GPIO outputs are not continuous

Martin H.

Hi,
the problem I am facing is to do 1 million GPIO outputs periodically (one output every 40ns).
Doing this is ok for 10,000 outputs per period: There is a continuous pulse sequence.

But when the number is raised to 50,000 outputs, there are pulses missing in the sequence like this (yellow signal):

The problem has been discussed before, when MMU and Caching had not yet been enabled.
I am aware that there are some BUS systems between the core and the output pins and that the signal slightly jitters. But that
doesn't explain to me why it is ok for 10000 outputs but not for 50000 ore more. It would be nice to find a workaround.

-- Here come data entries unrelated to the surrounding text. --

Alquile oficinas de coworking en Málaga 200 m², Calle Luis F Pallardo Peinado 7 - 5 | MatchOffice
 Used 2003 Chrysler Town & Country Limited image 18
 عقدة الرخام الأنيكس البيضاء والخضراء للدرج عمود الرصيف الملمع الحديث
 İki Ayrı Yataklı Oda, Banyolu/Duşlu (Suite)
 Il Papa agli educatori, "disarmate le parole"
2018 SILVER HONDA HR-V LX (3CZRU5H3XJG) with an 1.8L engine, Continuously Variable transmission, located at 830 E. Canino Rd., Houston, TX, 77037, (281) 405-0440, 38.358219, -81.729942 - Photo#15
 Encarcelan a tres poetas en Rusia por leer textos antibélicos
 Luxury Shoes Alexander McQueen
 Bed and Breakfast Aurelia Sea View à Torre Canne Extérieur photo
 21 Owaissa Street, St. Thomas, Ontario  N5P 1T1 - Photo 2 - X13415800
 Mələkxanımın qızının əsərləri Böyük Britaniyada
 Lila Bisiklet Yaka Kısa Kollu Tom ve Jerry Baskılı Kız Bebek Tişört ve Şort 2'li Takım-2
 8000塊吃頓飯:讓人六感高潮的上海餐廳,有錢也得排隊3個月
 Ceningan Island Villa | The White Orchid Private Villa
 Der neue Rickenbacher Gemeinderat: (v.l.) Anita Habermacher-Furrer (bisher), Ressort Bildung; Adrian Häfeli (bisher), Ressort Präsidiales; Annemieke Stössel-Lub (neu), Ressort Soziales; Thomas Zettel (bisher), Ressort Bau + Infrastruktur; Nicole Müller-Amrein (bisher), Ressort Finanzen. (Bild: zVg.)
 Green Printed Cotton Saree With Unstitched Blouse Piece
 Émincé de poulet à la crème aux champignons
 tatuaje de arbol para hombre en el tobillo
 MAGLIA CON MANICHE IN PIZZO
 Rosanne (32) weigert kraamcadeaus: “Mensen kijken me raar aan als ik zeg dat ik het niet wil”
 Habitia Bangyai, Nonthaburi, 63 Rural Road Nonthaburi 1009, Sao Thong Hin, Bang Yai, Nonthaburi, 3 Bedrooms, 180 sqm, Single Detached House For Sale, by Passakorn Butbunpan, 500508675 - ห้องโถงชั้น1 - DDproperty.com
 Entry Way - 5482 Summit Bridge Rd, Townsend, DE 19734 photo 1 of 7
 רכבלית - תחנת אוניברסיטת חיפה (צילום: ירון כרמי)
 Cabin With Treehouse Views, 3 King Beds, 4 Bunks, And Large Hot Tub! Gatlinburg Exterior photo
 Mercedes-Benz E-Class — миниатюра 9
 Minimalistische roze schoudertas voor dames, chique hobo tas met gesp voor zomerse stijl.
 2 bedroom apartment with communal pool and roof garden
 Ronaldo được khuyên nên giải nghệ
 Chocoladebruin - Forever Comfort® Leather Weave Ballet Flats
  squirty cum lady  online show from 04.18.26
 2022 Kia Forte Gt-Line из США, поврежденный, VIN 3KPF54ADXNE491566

This is the programme, main() is relatively short:

int main(void) {

MUX_EVM(); // pin-multiplexing

MMUConfigAndEnable(); // these 2 functions have been derived
CacheEnable(0x03); // from the uartEdma_Cache.c example from Starterware

InitGpio2(); // 4 pins as output
InitGpio3();

InitSanst(); // fills InstrTable[] with asm instructions
// (read double word from memory and output to GPIO2),
// fills ValTable[] with unsigned integers that shall be output

while(1) {

Delay(10000000);
GPIOPinWrite(SOC_GPIO_3_REGS, 4, GPIO_PIN_HIGH); // pos. going edge to trigger a scope

Ping((unsigned int) ValTable, GPIO2 + GPIO_DATAOUT, (unsigned int) InstrTable);

GPIOPinWrite(SOC_GPIO_3_REGS, 4, GPIO_PIN_LOW); // clear trigger pulse

}

Ping() is the function that reads the unsigned integers from ValTable[] and writes them to GPIO2.
That is pure assembler code.

At first I thought that the data in ValTable[] might have been corrupted. But that is not the case.

The next idea was that something might be wrong with MMUConfigAndEnable().
The board has 512MB of DDR SDRAM at address 0x8000 0000 and with

#define START_ADDR_DDR (0x80000000)
#define NUM_SECTIONS_DDR (512)

I would thing (but I am not sure) that the memory is set up correctly in MMUConfigAndEnable():

REGION regionDdr = {
MMU_PGTYPE_SECTION, START_ADDR_DDR, NUM_SECTIONS_DDR,
MMU_MEMTYPE_NORMAL_NON_SHAREABLE(MMU_CACHE_WT_NOWA,MMU_CACHE_WB_WA),
MMU_REGION_NON_SECURE, MMU_AP_PRV_RW_USR_RW,
(unsigned int*)pageTable
};

Does anybody know why that pulse sequence is not steady any longer?
Any hint is welcome!
Thank you!

Regards,
Martin H.

over 8 years ago

0 Martin H. over 8 years ago

Expert 2315 points

Hi,

I increased the number of GPIO2 outputs up to 21,000. That seems to be the maximum number that still provides a continuous pulse sequence.
I suspect that the size of the MMU's L1 cache (32k I-CACHE, 32k D-CACHE) is the reason for that limitation. On the other hand 21,000 is not 32k and I would have expected a smaller number (4 data bytes per GPIO output --> 8k double words in L1 D-CACHE -> 8K output operations).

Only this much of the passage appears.